Location
- Gratwicke Road Worthing, West Sussex, BN11 4BL England
- 50°48′47″N 0°22′38″W﻿ / ﻿50.813°N 0.3771°W

Information
- Type: Private day school
- Motto: Consideration Always
- Religious affiliation: Inter-denominational
- Established: 1862
- Department for Education URN: 126115 Tables
- Headteacher: Steven Jeffery
- Gender: Coeducational
- Age: 3 to 18
- Enrolment: 560~
- Colour: Maroon
- Publication: The Sionian
- Former pupils: Old Sionians
- Website: http://www.sionschool.org.uk

= Our Lady of Sion School =

Our Lady of Sion School is an inter-denominational, independent school for male and female students, founded in 1862 and located in Worthing, West Sussex, on the south coast of England.

Based on the teachings of Theodor Ratisbonne and Alphonse Ratisbonne, the school is part of a worldwide network of schools founded by the Sisters of Sion. Other Sion Schools can be found in Australia, Canada, Brazil, Costa Rica, France, Turkey, and the United States. The Senior School is situated partially upon the site of the original convent, whilst the Junior School, a conversion of a large Victorian home, is located three roads away.

The school's current Headteacher is Mr Steven Jeffery. The school motto is Consideration Always.

==History==
===The Ratisbonne Brothers===
Marie Theodor Ratisbonne, born in 1802, was a French Jewish convert to the Catholic Church, born into a wealthy Jewish banking family in Strasbourg. His younger brother Marie-Alphonse Ratisbonne was born in 1814. Two of thirteen children, their father, Auguste Ratisbonne served as President of the Provincial Council of Alsace.

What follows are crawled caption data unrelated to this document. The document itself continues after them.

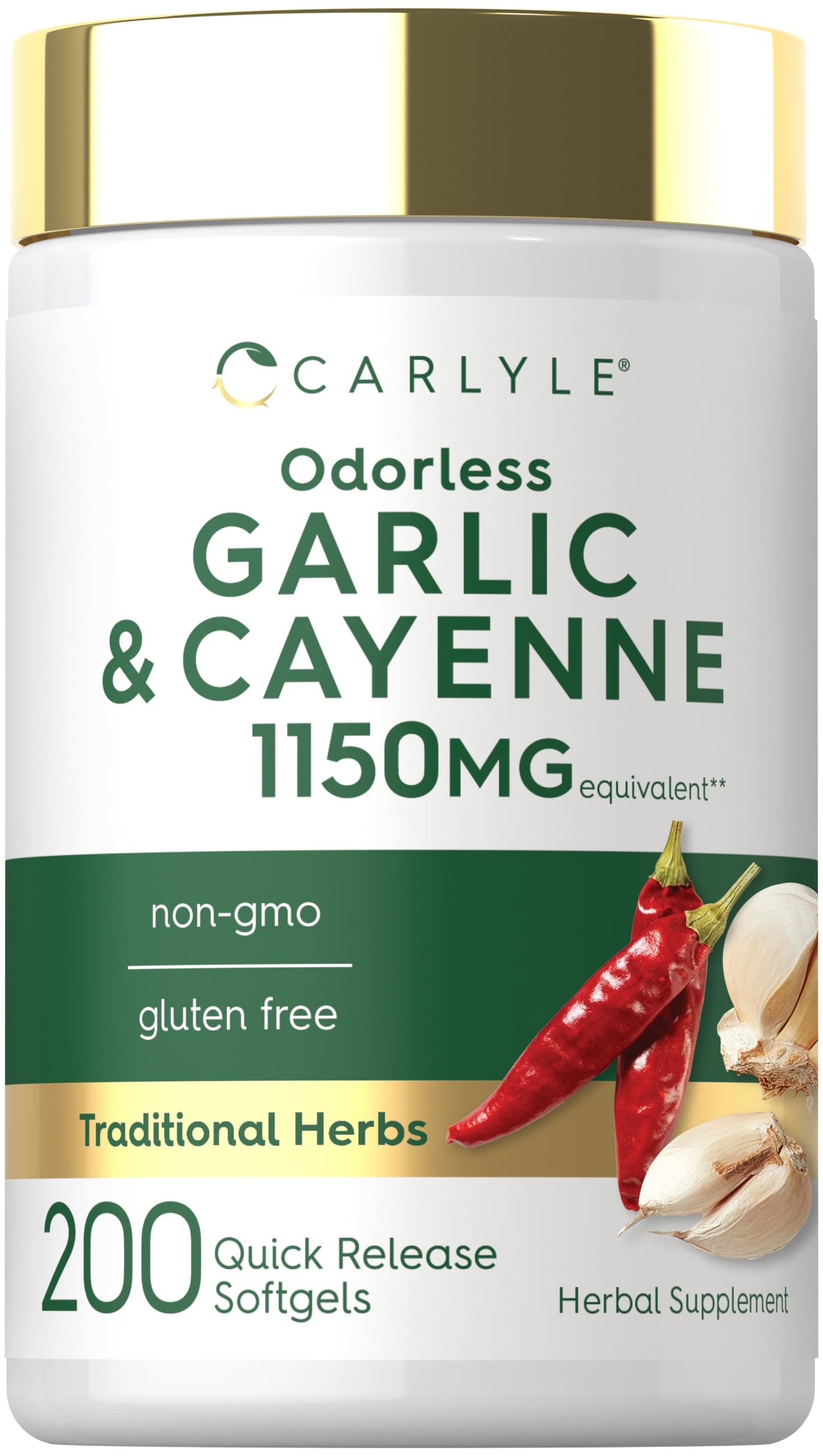 Carlyle Odorless Garlic and Cayenne Supplement Softgels 200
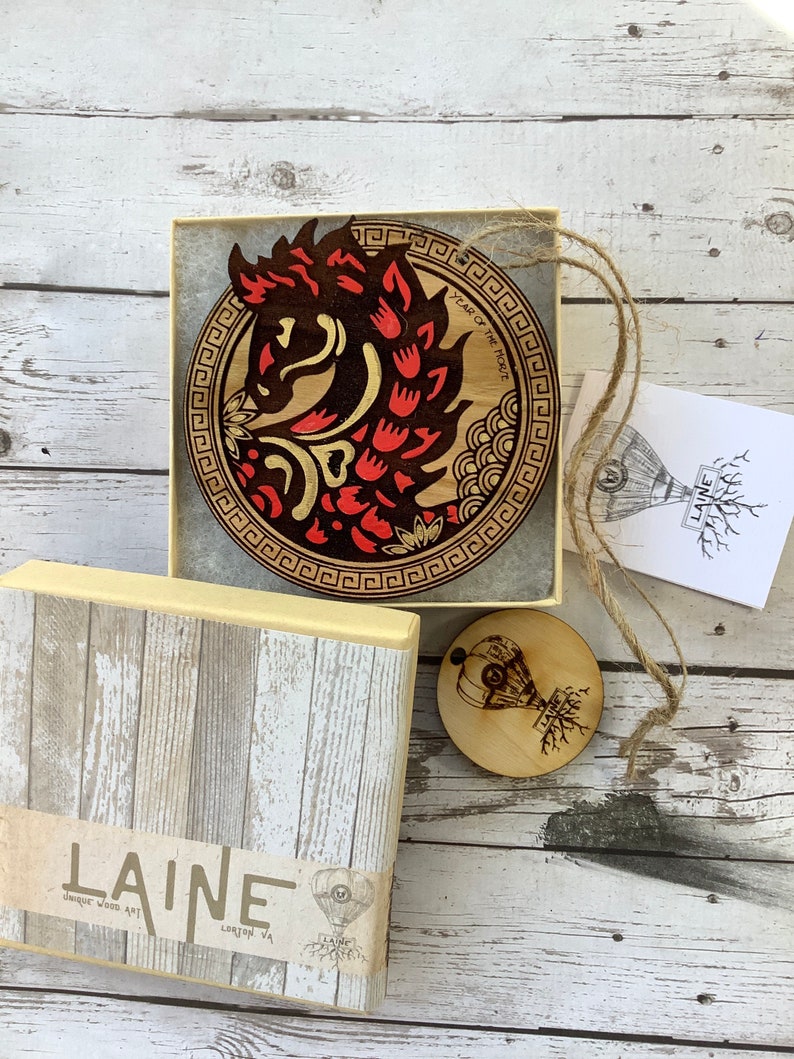 Chinese Zodiac Horse Ornament in Cherry Wood Year of The Horse Chinese New Year 2021 Chinese Year Animal Zodiac Lucky Gift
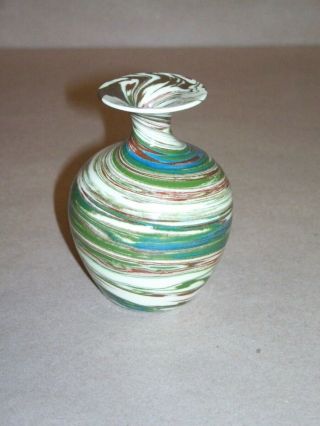 Desert Sands Pottery Vase.  Hand Turned Studio Art Pottery Fluted Top Bud Vase Nr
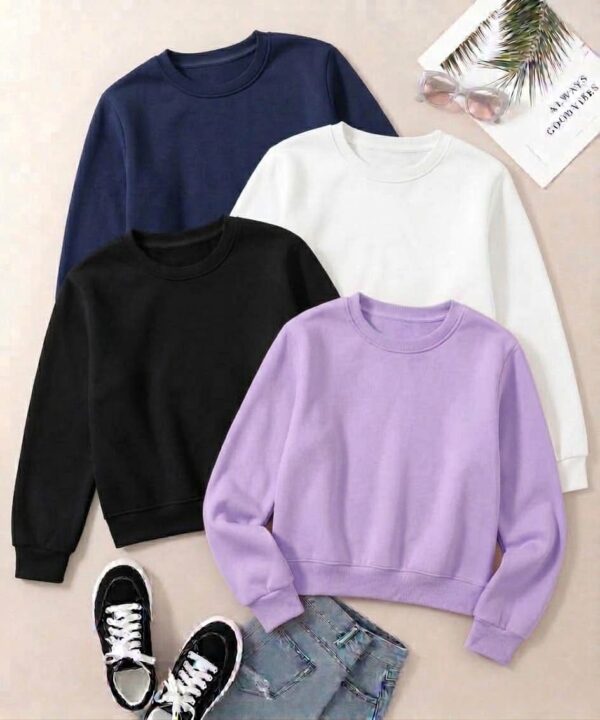 PACK OF 4 FULL SLEEVE CROP SWEATSHIRT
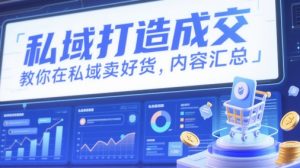 私域打造成交,教你在私域卖好货,内容汇总-阳知网创资源库
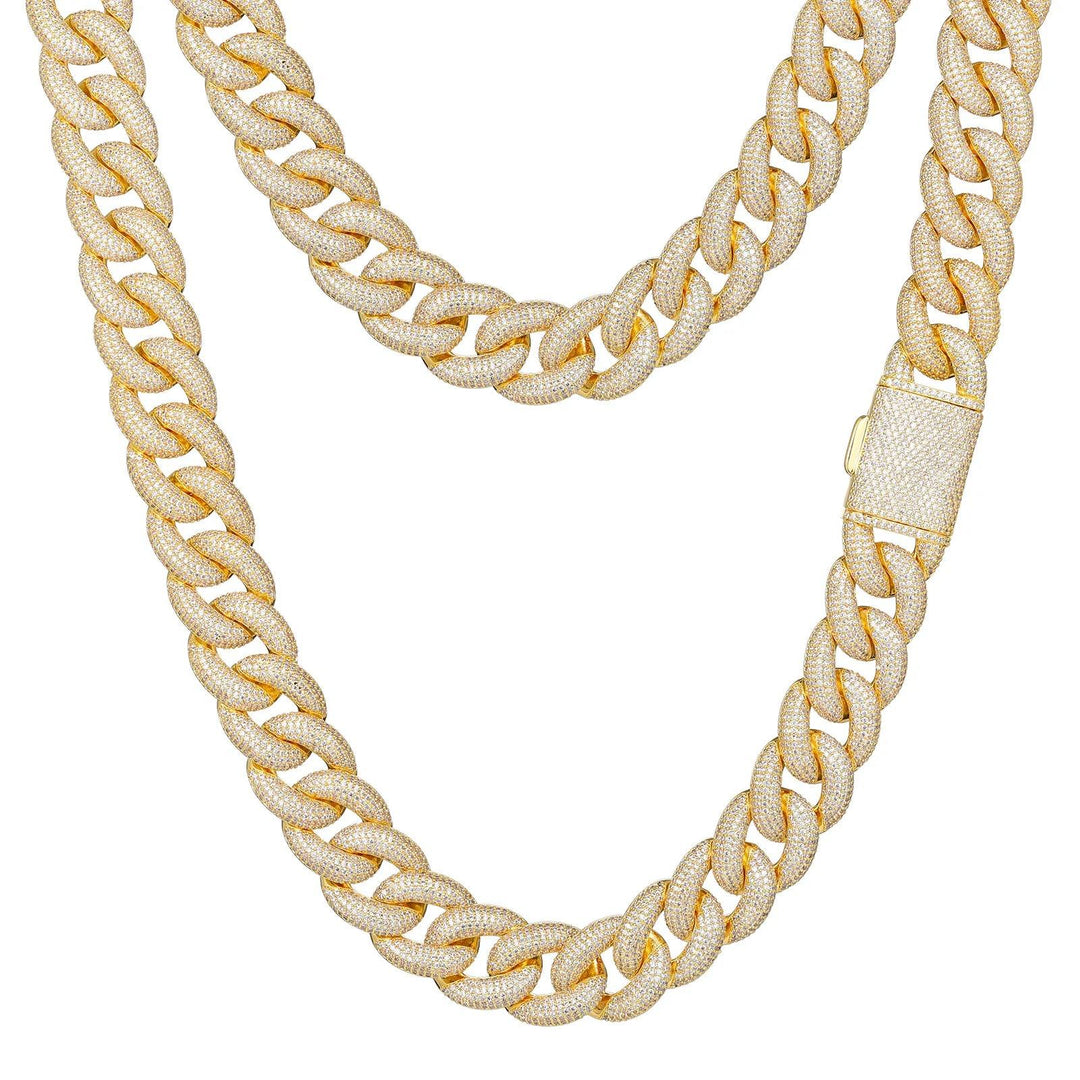 20mm Beveled Cuban Chain - Ice Dazzle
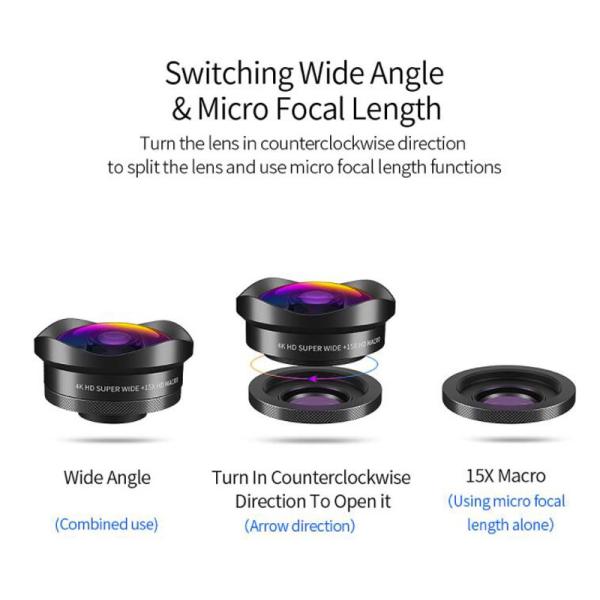 4K Macro Phone Lens Macro And Wide Angle Lens With LED Light And Travel Case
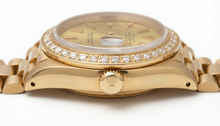 Afbeelding in Gallery-weergave laden, Datumjust Rolex diamanten rand presidentieel horloge champagne stok wijzerplaat goud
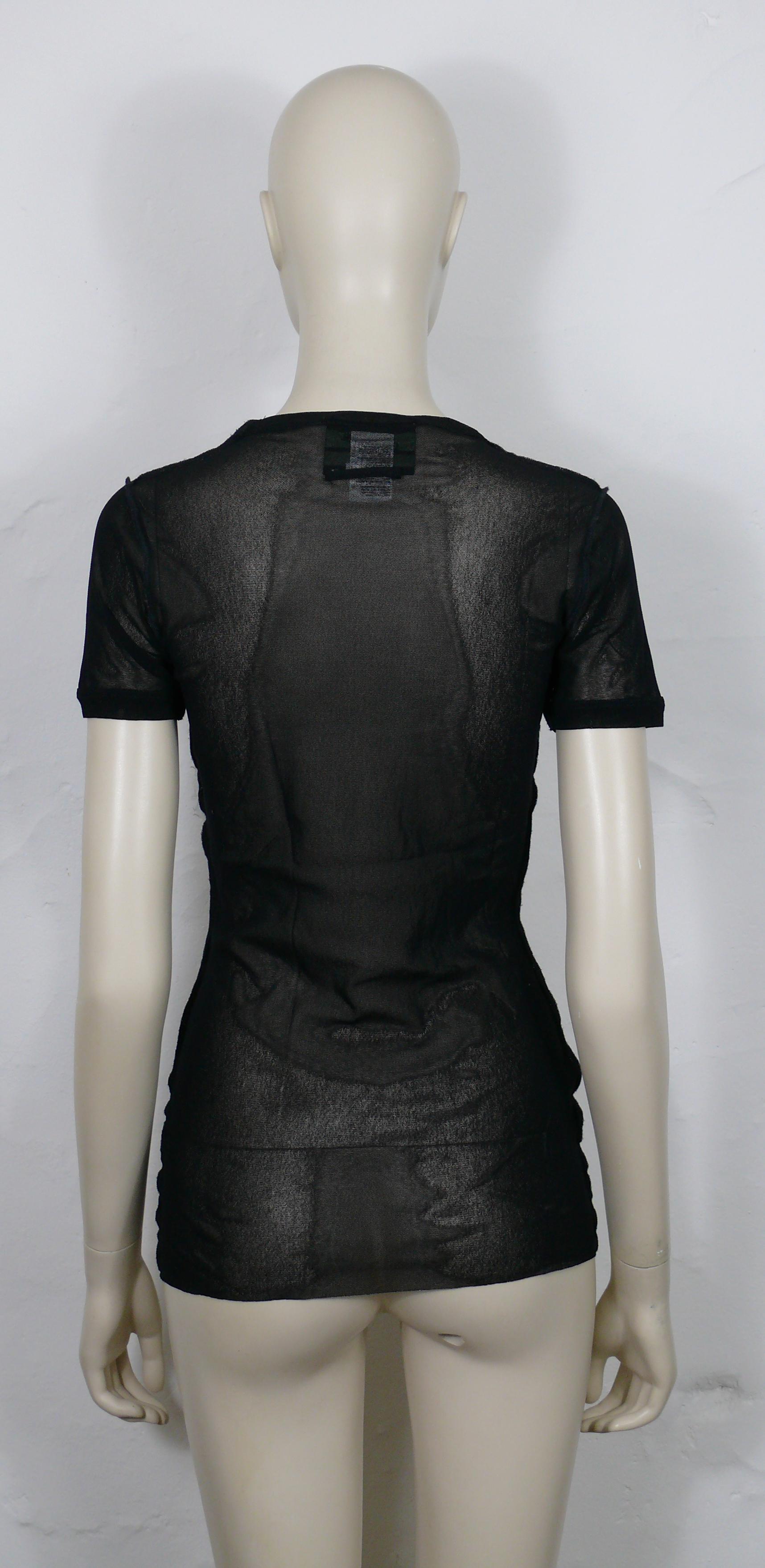 JEAN PAUL GAULTIER Vintage Portrait and Eye Applique Mesh Top Size L For Sale 1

Hailing from a background of great wealth and prosperity, the Ratisbonne family were notable members of society. The Ratisbonne family were assimilated into the secular society of France, but played an active role in the "regeneration" of the Jewish people, through education of the poor. Nonetheless, resultant of their assimilation to French society, religious practice did not play a significant part of the family's life.

Despite his education at the Royal College of Strasbourg fostering a more academic rather than religious upbringing, Theodor was drawn to religion. Religion was "repugnant" to him, both his own religion "and all other religions" too. At the age of 22, following the conversion of many friends, including Emile Dreyfus, Alfred Mayer and Samson Liebermann to Christianity, Theodor spent two years under the guidance of a local Catholic catechist named Louise Humann, studying both Hebrew scriptures and the New Testament.

Through his embrace of Christianity, Theodor joined a wave of conversions then taking place in the French Jewish community, triggered by a sense that the Jews could not achieve full integration in French society as long as they remained Jews. He had reached the conclusion that there was a fundamental incompatibility between Judaism and French citizenship. Until his conversion, he was active in the Societe d'Encouragement au Travail en Faveur des Israelites du Bas-Rhin (Society for the Advancement of the Israelites of the Lower Rhine). He later felt that this involvement in Jewish communal affairs was a preparatory step to his baptism.

Theodor was subsequently baptized in 1826. In 1830, following his ordainment as a priest, he was rejected by his family, including by his brother Alphonse. Greatly upset by his brother's conversion, Alphonse developed a "profound hatred" for the Catholic Church. Following the death of their mother, Adelaide Cerfbeer, in 1808, Alphonse was raised by the wider family and his uncle chose him as the successor to his bank. After studying law in Paris, Alphonse joined the family bank and announced his engagement to his 16-year-old niece, Flore.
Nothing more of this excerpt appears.